PCM Cloud Solution Provider Suffers Data Breach

Exploit: Unauthorized network access
PCM: Direct marketing company offering technology products and services

Risk to Small Business: 1.888 = Severe Risk: Using stolen administrative credentials for PCM’s Office 365 client accounts, hackers gained access to client data. It’s speculated that hackers intended to use this information to conduct gift card fraud. Upon discovering the breach, PCM closed off access to these accounts, limiting the reach of the intrusion. Despite the relatively minor scope of the data breach, recovering from a cybersecurity incident is no small matter. The company will now need to bear the cost of auditing their IT infrastructure as they work to repair the reputational damage that accompanies such an event.

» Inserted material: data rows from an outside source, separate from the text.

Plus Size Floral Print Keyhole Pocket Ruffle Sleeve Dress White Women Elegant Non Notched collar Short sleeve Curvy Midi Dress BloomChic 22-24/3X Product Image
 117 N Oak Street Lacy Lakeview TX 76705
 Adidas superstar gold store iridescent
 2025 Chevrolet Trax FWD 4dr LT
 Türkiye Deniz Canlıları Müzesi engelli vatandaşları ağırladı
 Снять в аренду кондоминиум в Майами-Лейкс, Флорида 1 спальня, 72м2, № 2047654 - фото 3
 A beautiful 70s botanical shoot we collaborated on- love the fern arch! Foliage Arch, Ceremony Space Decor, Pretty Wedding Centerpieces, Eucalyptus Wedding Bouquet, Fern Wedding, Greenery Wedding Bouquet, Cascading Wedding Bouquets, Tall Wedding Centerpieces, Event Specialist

Individual Risk: 2 = Severe Risk: It’s believed that hackers were pursuing information usable to perpetrate gift card scams, which could include stealing personal information. The company has notified those impacted by the breach, and these individuals should be especially vigilant about monitoring their accounts for unusual activity.

Customers Impacted: Unknown
How it Could Affect Your Customers’ Business:In many ways, PCM got lucky. Although hackers were mostly unsuccessful at obtaining client data, they were able to access systems with a trove of valuable information. Additionally, they were able to accomplish this by simply obtaining administrator credentials, which can be widely available on the Dark Web or through phishing scams. Knowing if this information is available is a critical and often overlooked component of any company’s security posture.

Risk Levels:

1 - 1.5 = Extreme Risk
1.51 - 2.49 = Severe Risk
2.5 - 3 = Moderate Risk

*The risk score is calculated using a formula that considers a wide range of factors related to the assessed breach.